Sunday, December 30th, 2007

 The best thing I’ve ever done in my life is keibi, looking after the Centre at the SGI -UK Centre at Taplow Court.   In fact I can say, as so many of us do who are dedicated Keibi Group, ‘My life is keibi.’ Keibi is the Japanese term for ‘to protect and care for’, so I can say my life is to protect and enable the revealing of the highest form of Life itself, which is the Buddha. This makes my life overflow with joy, whatever the circumstances.

When I started practising, I had three very young children and we were desperately poor, crammed into a tiny battered old house, and struggling to buy nutritious food each week. My daughter had been diagnosed with anaemia as we couldn’t afford meat. I wasn’t able to go to activities, as my husband was a long distance truck driver and rarely home in time for me to make the meetings. Nevertheless he made sure he was back in time for the Discussion meeting once a month, and each year he would take one week of his holiday to care for the children while I went to Taplow for a week’s keibi.

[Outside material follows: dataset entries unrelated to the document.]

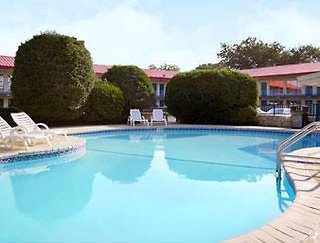 Days Inn By Wyndham South Fort Worth,Fort Worth>>Forest Hill,3 star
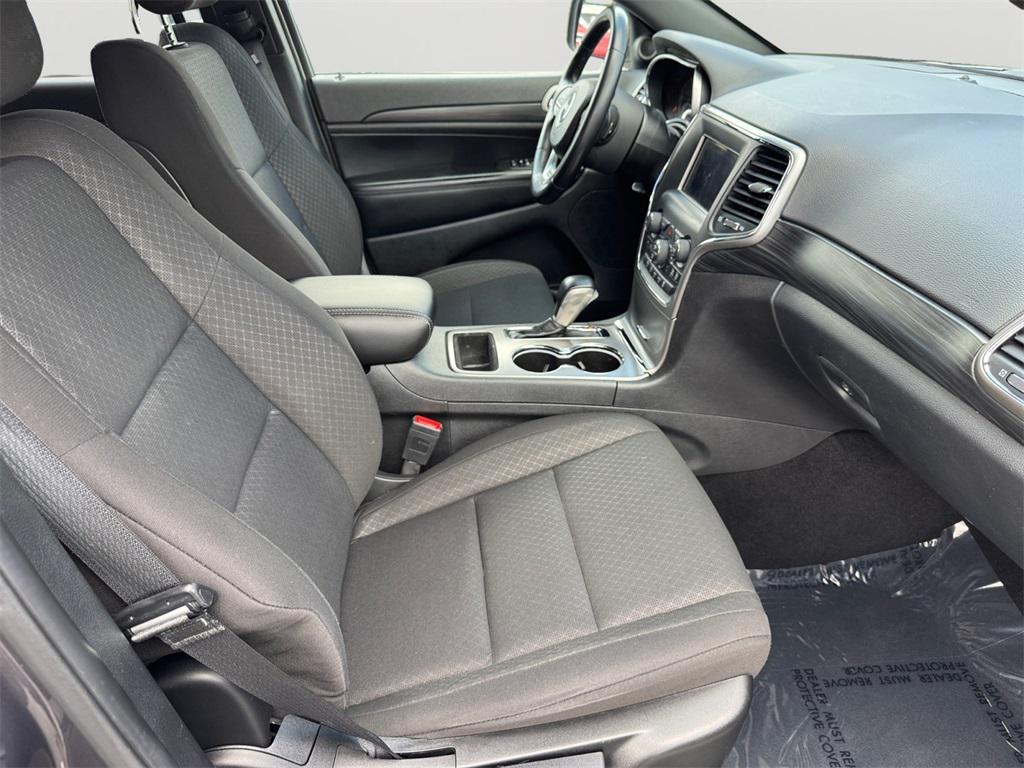 used 2021 Jeep Grand Cherokee car, priced at $17,900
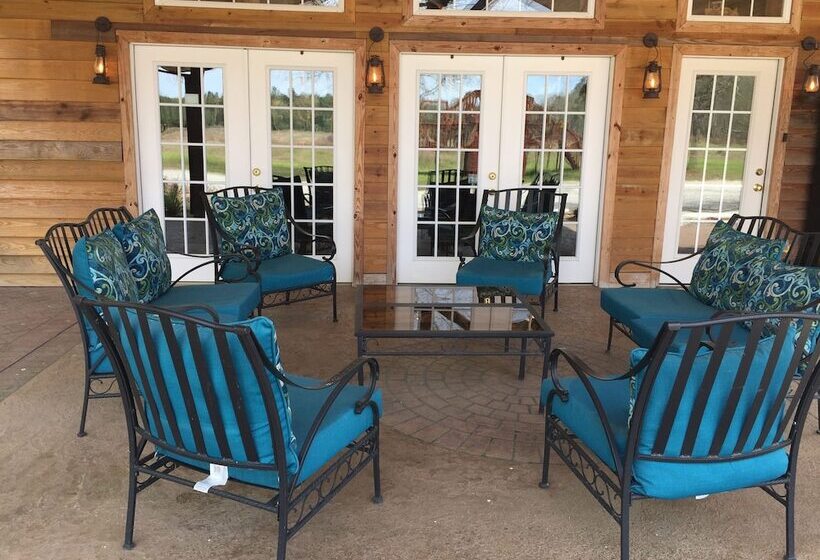 호텔 Red Fern Plantation Lodge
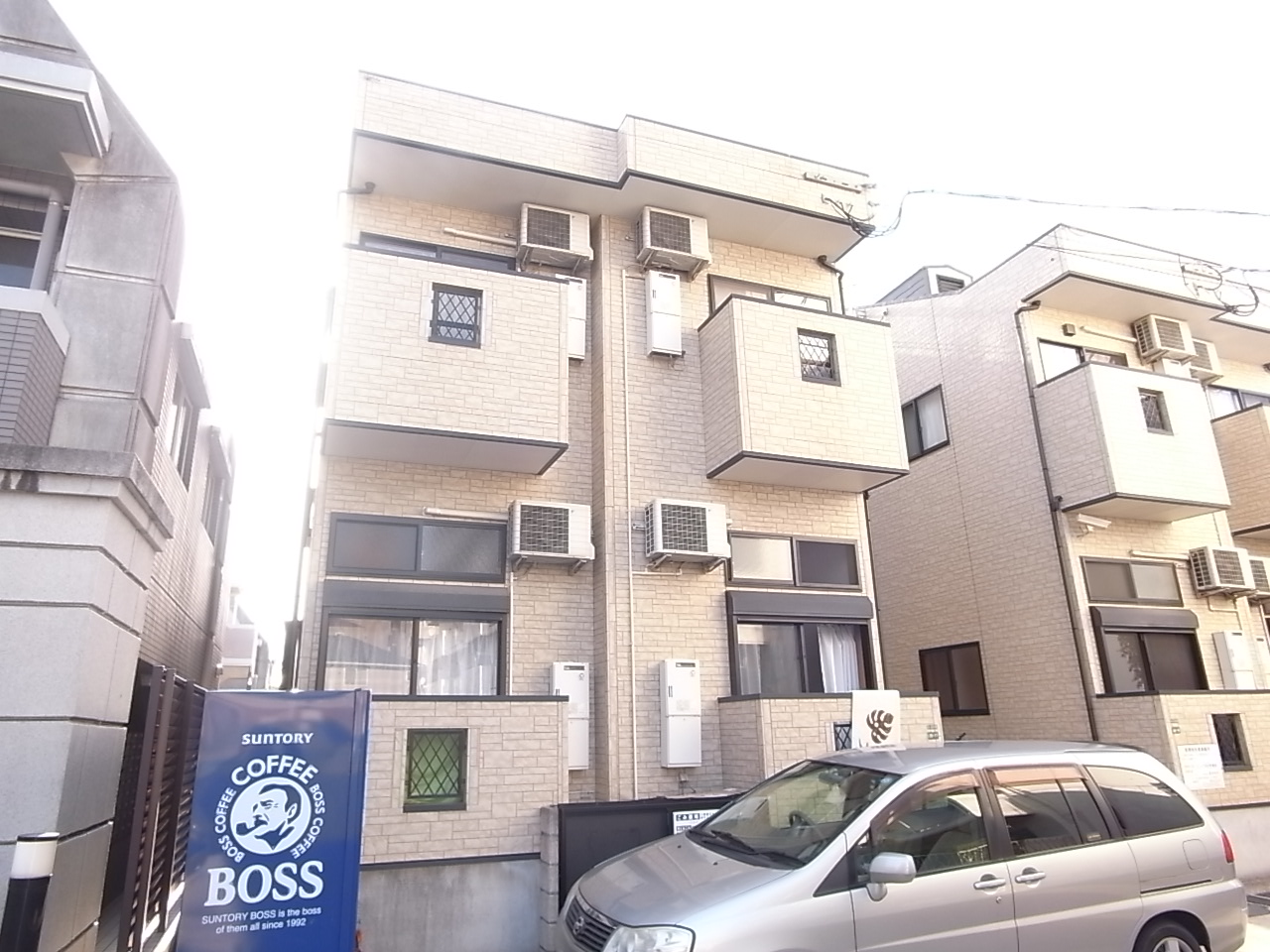 Building appearance. Walk from Beppu Station 6 minutes.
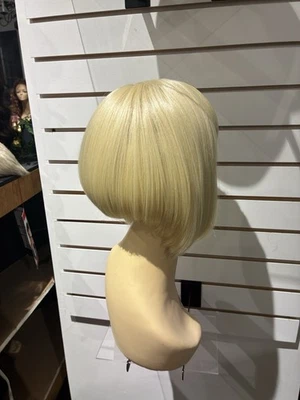 Peruca Platinum Blonde Page Boy, Bob mais longa na frente reta através do Bang - Imagem 1 de 4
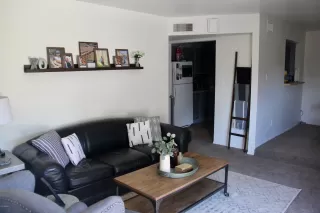 Photo #5: 6081393 Listing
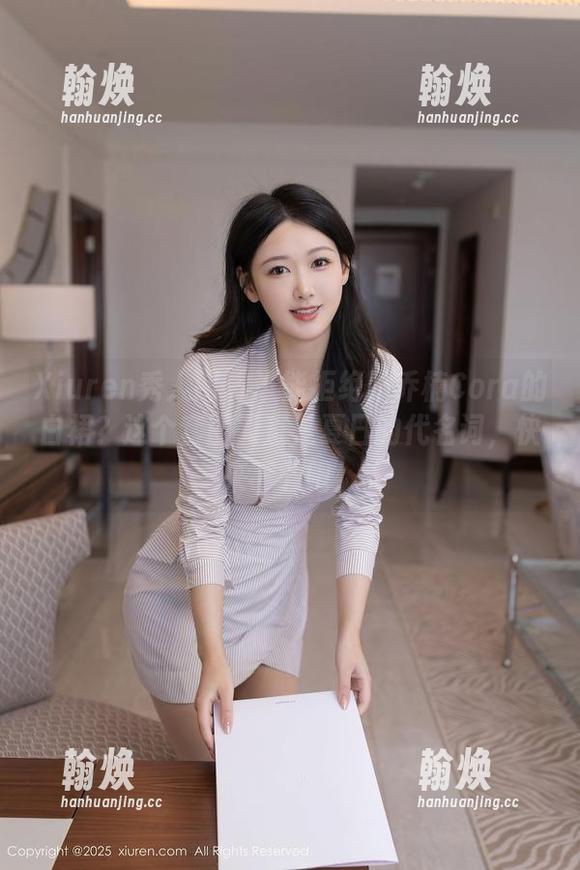 Xiuren秀人网 - 谁能拒绝顾乔楠Cora的白裙？这个套图简直是夏日的代名词，快来下载吧！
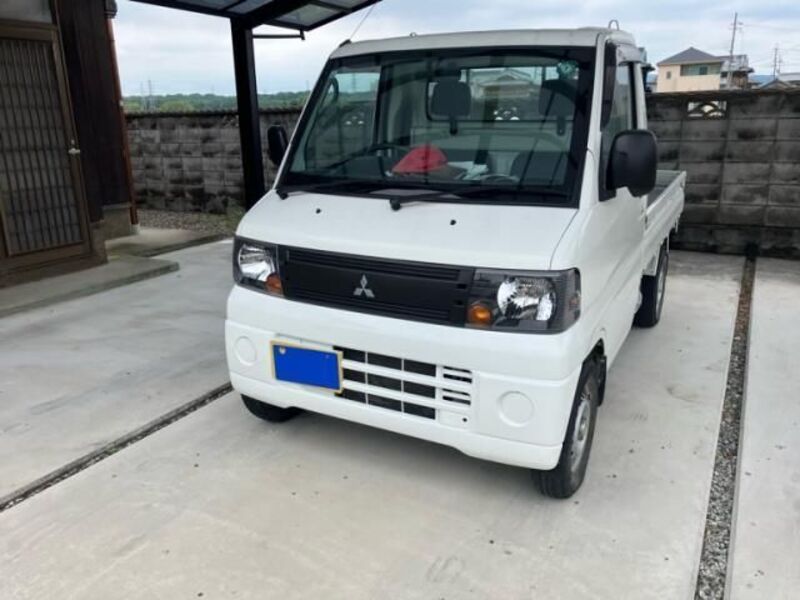 MITSUBISHI MINICAB TRUCK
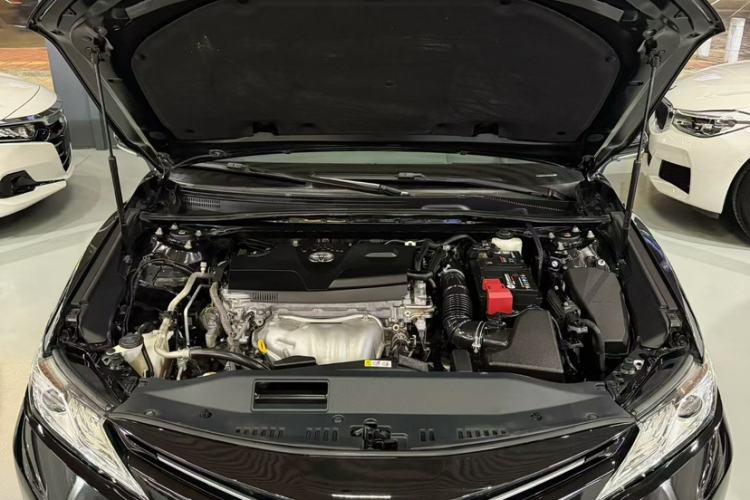 Used Toyota Camry 2018 2.0G Luxury Edition Interior 4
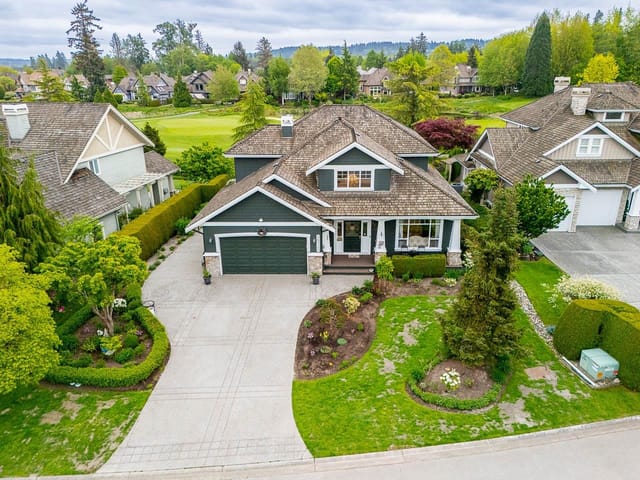 House for sale in Surrey, South Surrey White Rock, 15730 38a Avenue, 263182467 | Realtylink.org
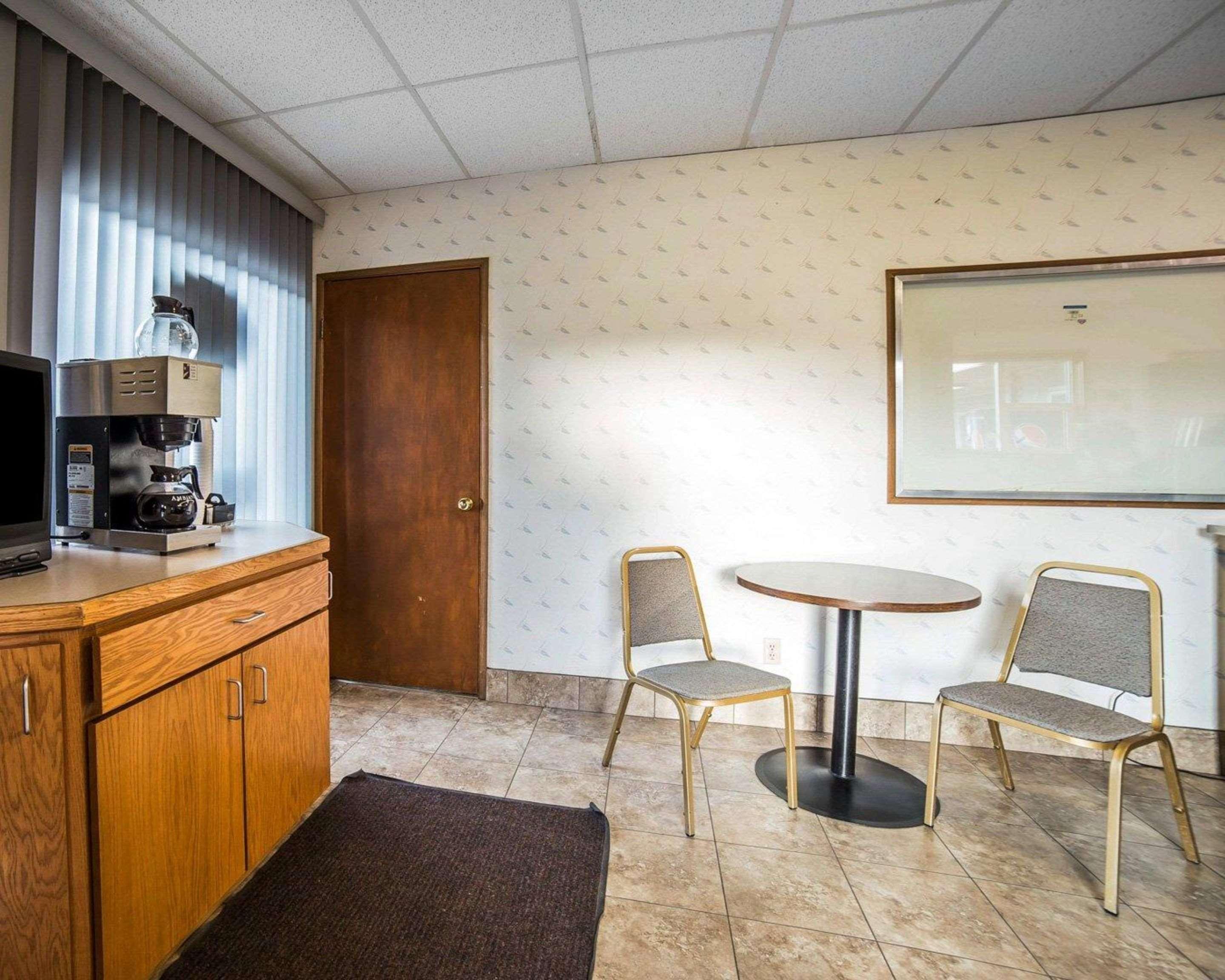 Rodeway Inn & Suites Arlington Exteriér fotografie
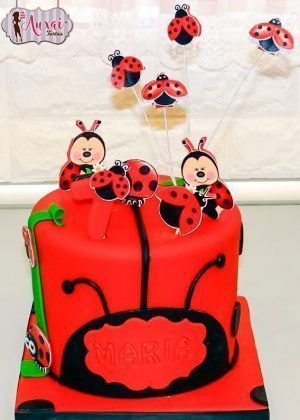Tarta papel de azúcar mariquitas decorada con papel comestible, ideal para cumpleaños infantiles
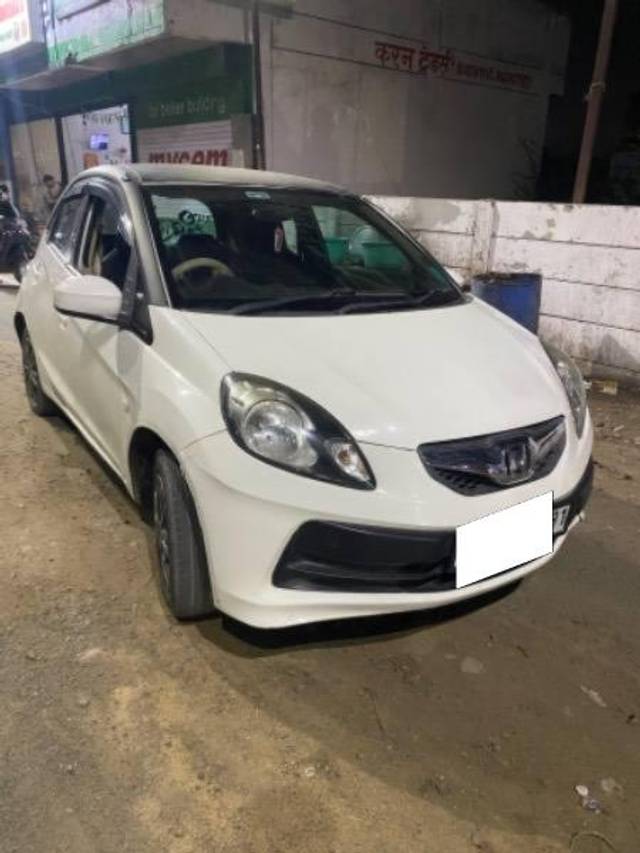 https://images10.gaadi.com/usedcar_image/4626577/original/processed_1db7542d-e87a-4a53-873e-fb5e5f4aab6f.jpeg?imwidth=6400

The first time I did keibi various poisons came out of my life, I didn’t get on with anyone, fought with my room mate, and hated that they made me sit at the computer, which I hadn’t ever learnt to work and kept making mistakes.  I would have done anything rather than sit at that damned computer, but they said I had to challenge that feeling of negativity.  I said ‘No but I just hate computers’. When I got home I was called by an employment agency I had applied for work unsuccessfully with several months before. They said, ‘We have a part time job – Have you ever had any experience with computers?’ I worked part time whenever I wanted after that, and we have never been short of money since.  Later on I became a teacher, and was always in charge of using computers in the curriculum in every school I taught in.

On a personal note it may seem strange, but I’d always felt bad that I didn’t have any relatives in Wales, the area of the UK my family are from. My grandmother had left Wales to work in England and her brothers hadn’t had any children, yet I still felt a connection with that area and with my ‘tribe’.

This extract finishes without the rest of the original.